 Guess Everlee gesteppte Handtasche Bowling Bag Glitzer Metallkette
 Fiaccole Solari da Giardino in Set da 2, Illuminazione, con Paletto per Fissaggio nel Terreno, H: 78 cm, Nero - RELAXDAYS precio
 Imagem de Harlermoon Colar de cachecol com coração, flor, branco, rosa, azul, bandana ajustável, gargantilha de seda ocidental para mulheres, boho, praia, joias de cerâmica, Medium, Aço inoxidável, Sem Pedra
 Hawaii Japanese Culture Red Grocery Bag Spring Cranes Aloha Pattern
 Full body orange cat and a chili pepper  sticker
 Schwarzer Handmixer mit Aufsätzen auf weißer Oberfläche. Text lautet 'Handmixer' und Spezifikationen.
* * *
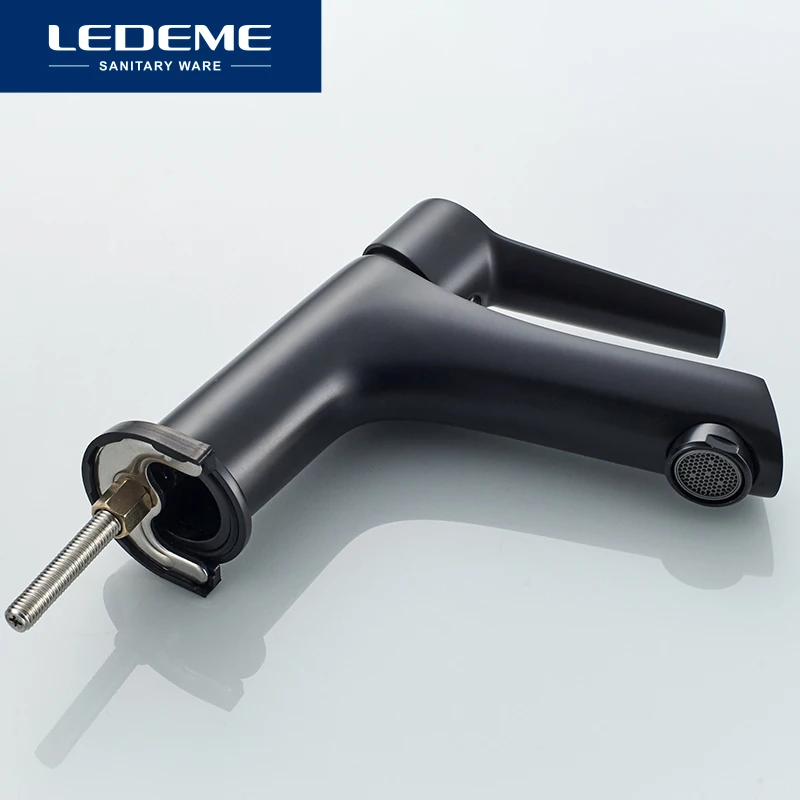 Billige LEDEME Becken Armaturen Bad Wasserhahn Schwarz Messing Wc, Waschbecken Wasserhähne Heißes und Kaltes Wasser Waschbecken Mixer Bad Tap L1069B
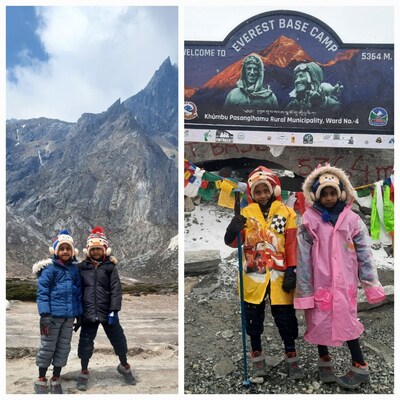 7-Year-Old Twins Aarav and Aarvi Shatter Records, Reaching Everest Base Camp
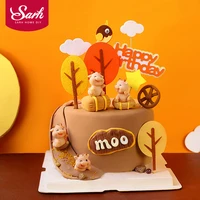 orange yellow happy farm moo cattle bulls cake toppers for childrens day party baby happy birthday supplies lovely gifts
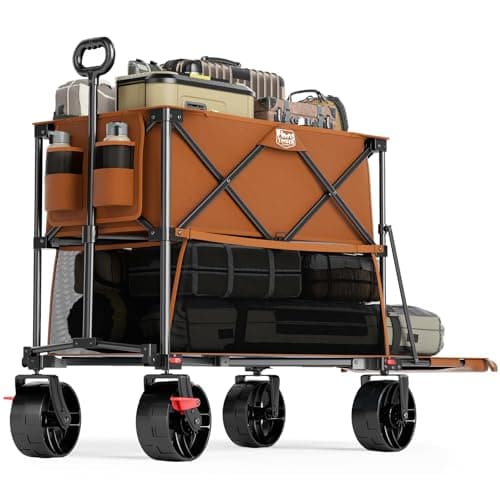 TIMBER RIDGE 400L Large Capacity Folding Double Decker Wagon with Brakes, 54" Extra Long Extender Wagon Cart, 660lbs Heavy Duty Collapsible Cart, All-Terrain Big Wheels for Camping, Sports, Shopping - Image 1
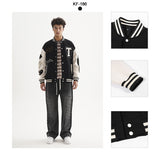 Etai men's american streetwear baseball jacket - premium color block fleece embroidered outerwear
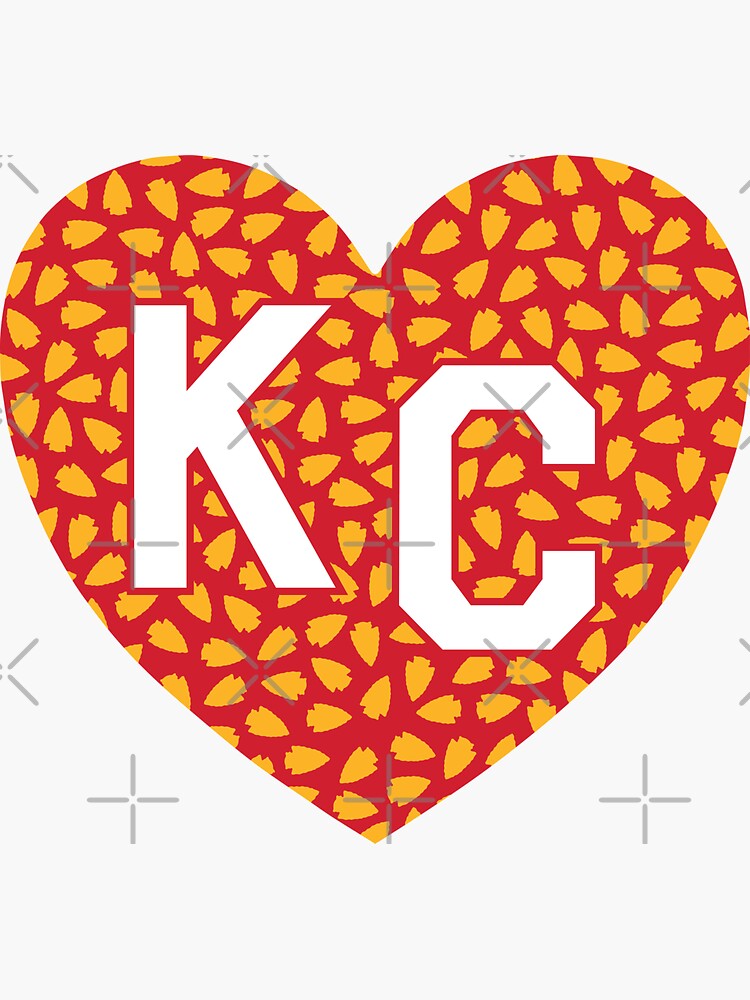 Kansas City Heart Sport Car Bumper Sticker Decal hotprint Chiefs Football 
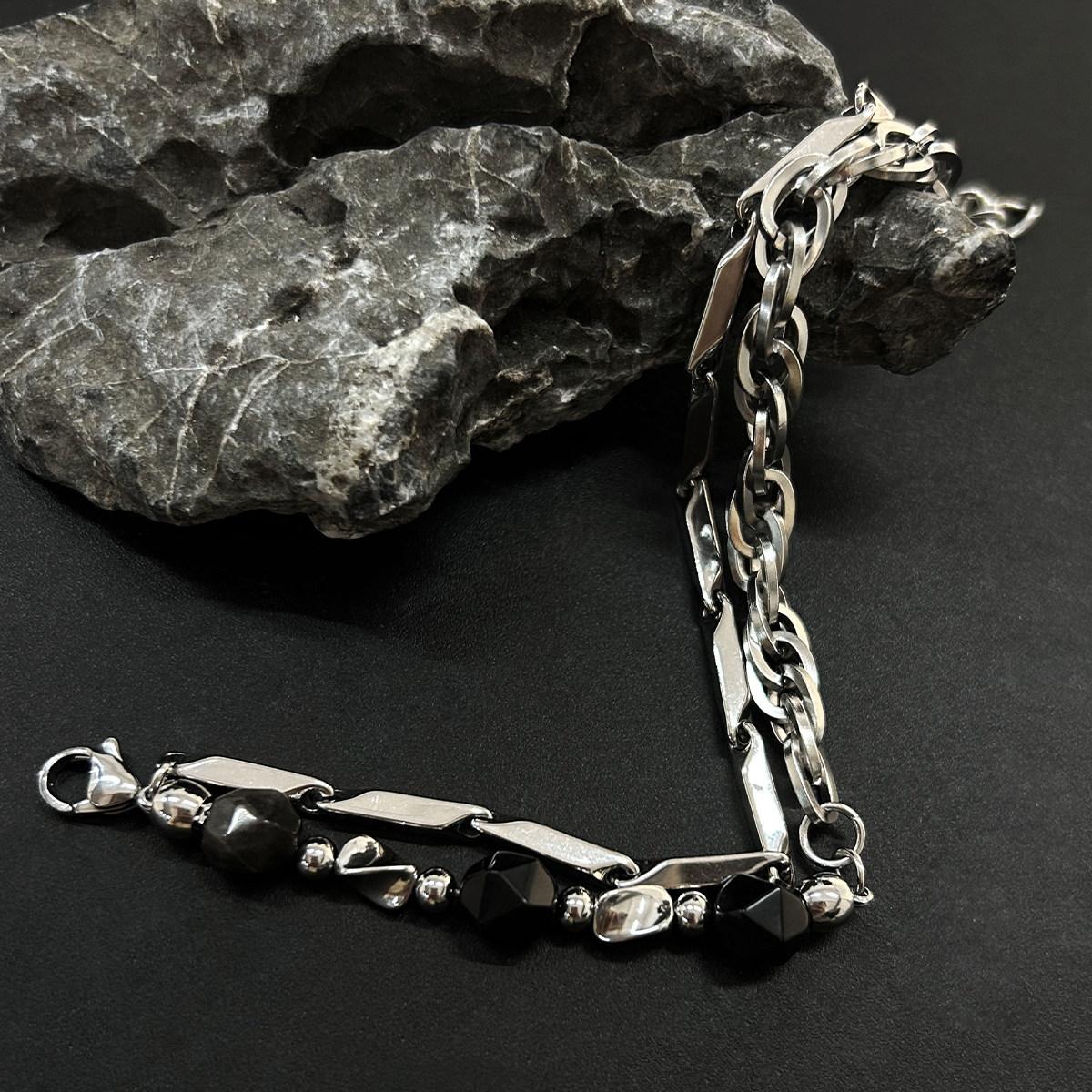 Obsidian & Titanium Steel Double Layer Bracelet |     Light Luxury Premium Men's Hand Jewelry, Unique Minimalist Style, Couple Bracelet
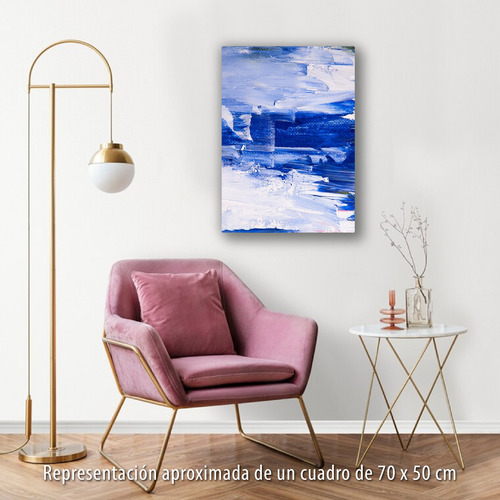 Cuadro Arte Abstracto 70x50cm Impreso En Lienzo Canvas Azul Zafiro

* [TRY IT]:
Copy out the listing above from the line containing "7-Year-Old Twins Aarav" to the line containing "TIMBER RIDGE 400L", both included, exactly as written and minus the images.

* [SOLVED PROBLEM]:
 7-Year-Old Twins Aarav and Aarvi Shatter Records, Reaching Everest Base Camp
 orange yellow happy farm moo cattle bulls cake toppers for childrens day party baby happy birthday supplies lovely gifts
 TIMBER RIDGE 400L Large Capacity Folding Double Decker Wagon with Brakes, 54" Extra Long Extender Wagon Cart, 660lbs Heavy Duty Collapsible Cart, All-Terrain Big Wheels for Camping, Sports, Shopping - Image 1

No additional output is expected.